Although most childhood illnesses are short-term, such as the common cold, rates of chronic conditions among children remain prevalent. The 2017 Child Well-Being Survey asked parents and guardians in Greater Cincinnati and Northern Kentucky if they had ever been told by a healthcare provider that their child had one of several chronic conditions.
CWBS asked parents and guardians, “Has a doctor or other healthcare provider ever told you that your child has …
• … asthma?”
• … ADHD1?”
• … anxiety?”
• … depression?”
• … diabetes?”
Asthma, ADHD and anxiety were the three most commonly diagnosed conditions reported by parents and guardians. One in 10 children in the region had been diagnosed with each. Guardians reported that 5% of children in the region had been diagnosed with depression and 1% had been diagnosed with diabetes.
The CWBS also asked parents of children older than 2 to specify their child’s weight and height. These were used to calculate the Body Mass Index (BMI) of children in our region. According to these calculations, 3 in 10 children in our region meet the criteria to be obese (29%). This is higher than the nation, where 17% of youth were obese in 2014.2 An additional 1 in 10 children in our region met the criteria to be overweight (12%).
Nearly 2 in 10 children living in the City of Cincinnati (18%) and Hamilton County suburbs (17%) had been diagnosed with asthma. These percentages are higher than those for children living in other parts of the region.3
White children (11%) were less likely than African American children (20%) and children of other races (19%)4 to have been diagnosed with asthma.
Parents and guardians reported that about 1 in 10 children in the region (13%) had been diagnosed with ADHD. This varied by gender and race. Male children (16%) were more likely than female children (10%) to have been diagnosed with ADHD.

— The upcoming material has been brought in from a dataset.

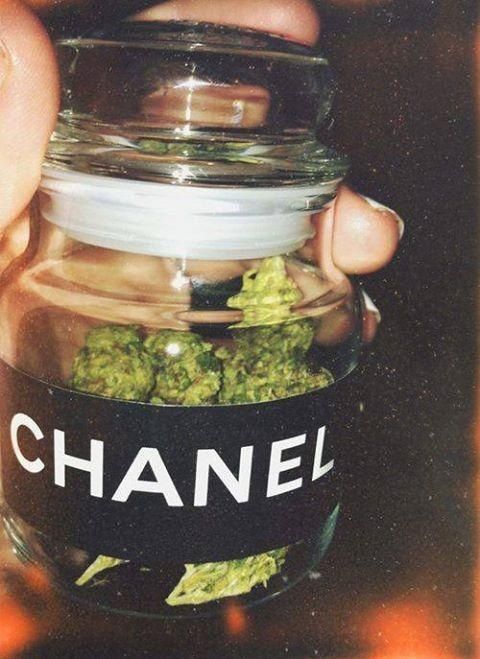 Chanel_weed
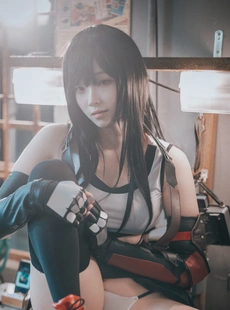 Bambi 78 DJAWA Tifa Lockhart Final Fantasy Version A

About 1 in 10 White (12%) and African American (9%) children had been diagnosed with ADHD by a healthcare provider. Children of a race other than White or African American were more likely to have this diagnosis (25%).
Parents and guardians reported that 1 in 10 children in Greater Cincinnati (12%) had been diagnosed with anxiety. Anxiety was more common among children whose guardians had fair or poor physical health (25%) or mental health (25%). That compares with about 1 in 10 children whose guardians had good physical health (13%) or mental health (12%), and less than 1 in 10 whose guardians had excellent or very good physical health (6%) or mental health (8%).
Responses also varied by race. Among children of a race other than White or African American, 2 in 10 parents (24%) reported that their child had been diagnosed with anxiety. This compared with 1 in 10 White children (11%) and less than 1 in 10 African American children (4%).
Fewer than 1 in 10 children in the region (5%) had been diagnosed with depression. Children in households earning 100% or less of the Federal Poverty Guidelines (FPG)5 were twice as likely (10%) as children living in households earning more than 100% FPG (4%) to have been diagnosed with depression.
By asking these questions on the Child Well-Being Survey, we can learn more about who is being diagnosed with these chronic conditions in our local region, and compare to see if this matches what is happening at the national level.
1 Attention Deficit Hyperactivity Disorder.
2 Ogden, C.L., Carroll, M.D., Fryar, C.D., & Flegal, K.M. (2015). Prevalence of obesity among adults and youth: United states, 2011-2014. NCHS data brief, No. 219. Hyattsville, MD: National Center for Health Statistics.
3 Ohio counties: Butler, Clermont and Warren; Northern Kentucky counties: Boone, Campbell and Kenton; Rural counties: Adams, Brown, Clinton and Highland in Ohio, Bracken, Carroll, Gallatin, Grant, Owen and Pendleton in Kentucky, and Dearborn, Franklin, Ohio, Ripley and Switzerland in Indiana.
4 Includes Asian, Native Hawaiian or other Pacific Islander, American Indian or Alaska Native, or some other race.
5 In 2016, 100% of the Federal Poverty Guidelines was $24,250 for a family of four.
Interact for Health regularly conducts research and collects data in order to monitor and evaluate our region’s health status and to measure public opinions about health policy.